Aber das ist nur ein Durchschnittswert. Im vergangenen Jahr wurde der Weltöffentlichkeit vor laufenden Kameras in New Orleans gezeigt, wie im Ernstfall die Lasten verteilt werden: Wer wenig hat, wird alles verlieren, gegebenenfalls auch das Leben, wenn er die »falsche« Hautfarbe hat oder Rettungsaktionen den Mächtigen zu teuer erscheinen.

Trotz dieser düsteren Szenarien legt Stern Wert auf die Feststellung, daß sein Bericht optimistisch sei. »Es bleibt noch Zeit, die schlimmsten Auswirkungen des Klimawandels zu vermeiden, wenn wir jetzt handeln und wenn wir es international tun«, so Stern bei der Vorstellung des Berichts. »Entschiedene und wohlüberlegte Maßnahmen der Regierungen sind nötig, um den Wandel anzustoßen. Aber die Aufgabe ist dringend. Werden die Maßnahmen verzögert, und sei es nur um ein oder zwei Jahrzehnte, dann bewegen wir uns in gefährliche Gewässer.«

Unzureichende Forschung

Sterns Modellrechnungen haben ergeben, daß jede Tonne Kohlendioxid, die über das aktuelle Niveau hinaus emittiert würde, einen Schaden von 65 Euro anrichtet. Emissionsvermeidung ließe sich hingegen schon für weniger als 20 Euro pro Tonne erreichen. Die Maßnahmen, mit denen Stern den Übergang zur klimaschonenden Wirtschaft schaffen will, sind eine Mischung aus staatlichen Eingriffen und Marktmechanismen. Letztere bestehen unter anderem aus dem Emissionshandel, mit dem ökonomische Anreize für das Vermeiden von Treibhausgasen geschaffen werden sollen. Hier fordert er eine Verknüpfung der existierenden Systeme in aller Welt und vor allem striktere Reduktionsziele. Außerdem müßten die Mittel für die Energieforschung mindestens verdoppelt und die Fördermittel für die Einführung emissionsarmer Technologien vervierfacht werden. Wichtig sei auch eine internationale Zusammenarbeit zum Schutz der Wälder, denn die Entwaldung hat einen spürbaren Anteil an der Emission von Treibhausgasen.

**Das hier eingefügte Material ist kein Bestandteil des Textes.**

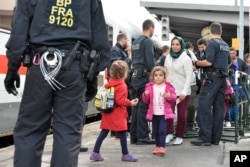 FILE - Refugees wait for a train at the rail station in Freilassing, southern Germany, near the Austrian border, Sept. 18, 2015.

Wird alles umgesetzt, so winken der globalen Ökonomie zur Mitte des Jahrhunderts jährliche Vorteile von bis zu zwei Billionen Euro, so Stern. Profitieren werden davon nach dem heutigen Stand der Dinge aber sicherlich nicht die derzeit tonangebenden Teile des großen Kapitals, nämlich Big Oil und die Automobilindustrie. Und genau da liegt das Problem, das der Stern-Bericht ausklammert.